Definitely good enough for me. My yardstick is my trusty Mamiya 645 and Portra 400 film, and the Nikon D800E is close enough.
Both colour negative film and my Nikon D800E have similar resolution, allowing me to easily make A1 wide (3 feet) prints for gallery exhibitions that are tack sharp close up. And their dynamic range is also close enough (I agree with
him) - film has more latitude if correcting a particularly bad exposure, but then I shouldn't be getting my exposure wrong in the first place!
I do prefer the muted unique colours of Portra, but you can't have everything. The Nikon's colour in portrait mode is natural and gently muted - but different.
I use both the Nikon and Mamiya all the time, and sometimes "mix and match" them in a project: no one can tell the difference even in huge prints once I've added a little faux film grain to the Nikon images.

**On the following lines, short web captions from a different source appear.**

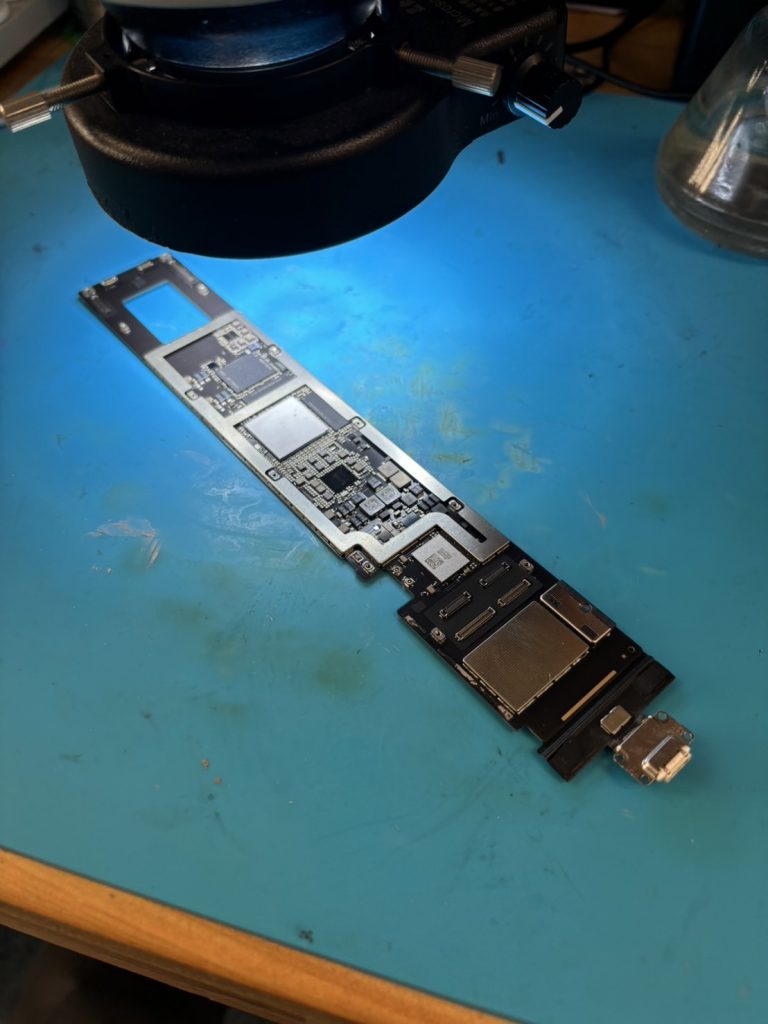 iPadPro10.5再起動を起こしてしまう iPad基板修理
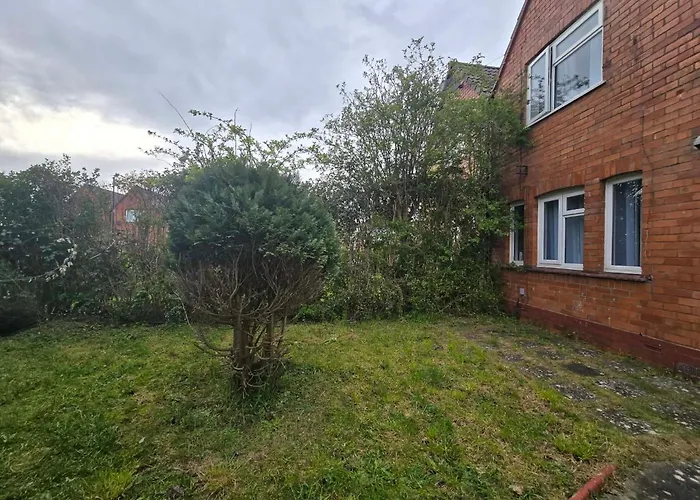 3-bedroom Next To Southmead Hospital ブリストル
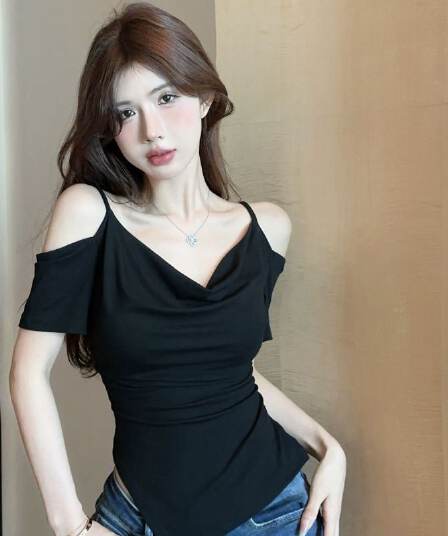 핫걸 오프숄더 슬립 흔들다 칼라 반팔 맨위 한 부서 디자인 미니멀리즘 오프숄더 불규칙 슬림해 보이는 검정색 티셔츠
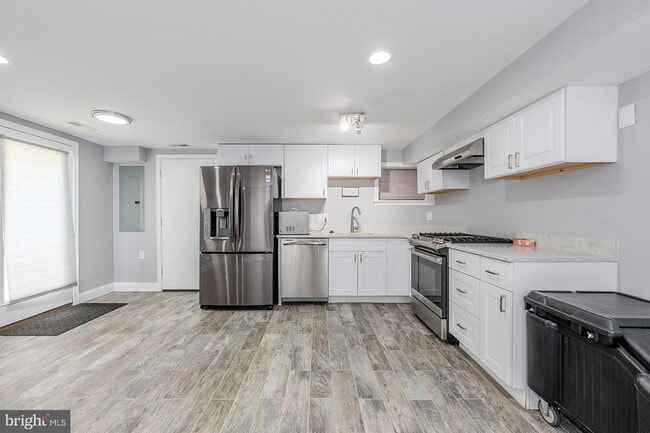 Building Photo - 5131 Chillum Pl NE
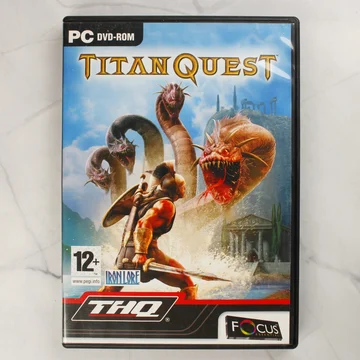A Titan Quest PC-s videójáték tokjának előlapja a hidrával harcoló harcossal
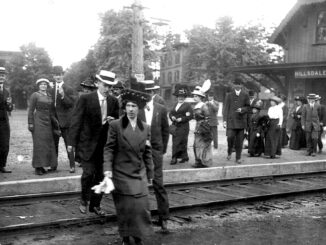 The Hillsdale railroad station, circa 1885, taken from across the Hillsdale Avenue and Broadway intersection.Passengers walk from the Hillsdale station, circa 1910. Visible in the background are the Riley Building (built 1906) and Hillsdale House hotel (built 1870), both of which still stand at Broadway and Hillsdale Avenue.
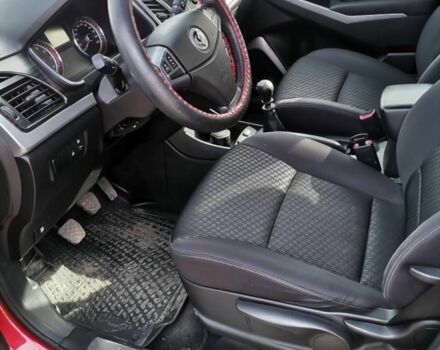 Червоний Cанг Йонг Korando, об'ємом двигуна 2 л та пробігом 100 тис. км за 10000 $, фото 5 на Automoto.ua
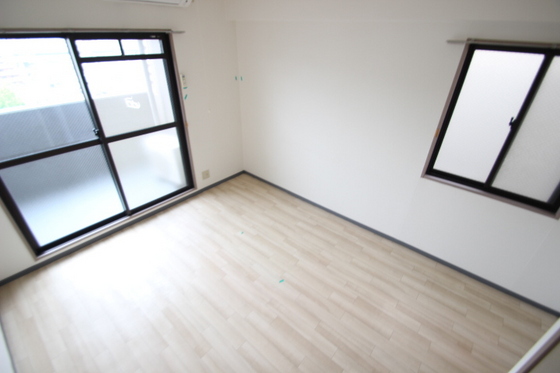 その他部屋・スペース　※同号室他部屋のお写真になります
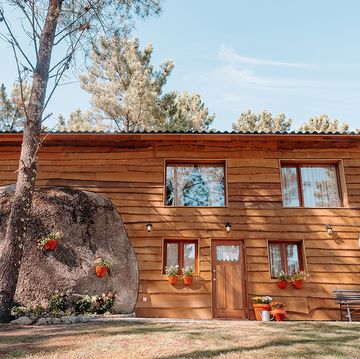 casa pedra, una cabaña de madera en el campo de alentejo incrustada en muros de roca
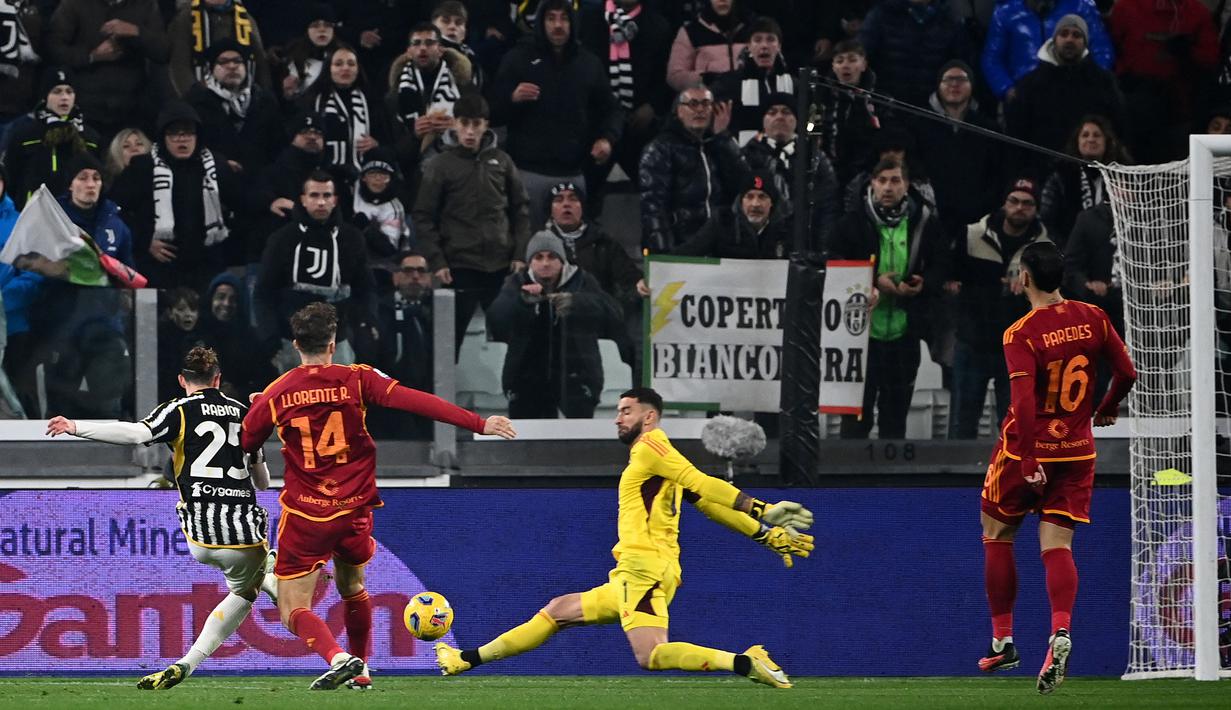 Kekalahan keenam AS Roma di Serie A Liga Italia 2023/2024 terjadi pada pekan ke-18 (30/12/2023) saat kalah 0-1 dari tuan rumah Juventus. Gol tunggal Juventus dicetak melalui Adrien Rabiot pada menit ke-47. (AFP/Isabella Bonotto)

(I add grain as a matter of course to large digital prints, just visible enough to break up the image. This gives a more natural-seeming, random print surface, especially to edges and blocks of tone, which is how grain affects the appearance of analogue prints - if you had grainless film, it'd have that slightly unreal "digital" appearance. Adding grain also - counter-intuitively - makes digital images seem sharper and crisper. I bought the D800E rather than the D800 for a similar reason: images from digital cameras without an anti-aliasing filter have more micro detail and better tonality than those with a filter, and are thus more "film-like".)
Back on topic after that minor digression on grain, I doubt further improvements to 35 mm "full frame" dSLR image quality will interest me. 36 MP is about as high as you can go for the size of sensor, and that's plenty of resolution for me! More would just create really cumbersome files, and I won't be printing over 4 feet wide very often! The ISO range is also plenty high enough - I don't need to shoot in darkness! And, as I said, the dynamic range is already excellent.
As for functions, I don't want them! I just need shutter speed, aperture and centre-weighted exposure (the same as my Mamiya 645 film camera) - with the addition of ISO. I ignore everything else: I have never shot video on my D800E, my lenses are all manual, and I've replaced the focusing screen with an olde worlde microsprism one.
What I'd really like is a Nikon F with a D800E sensor and screen! I had hopes for the Nikon DF, but these were dashed - Nikon built a fashion statement, a poseurs' tool for those wanting to buy into nostalgia, rather than a serious photographic tool for professionals who prefer cameras with traditional "film" controls.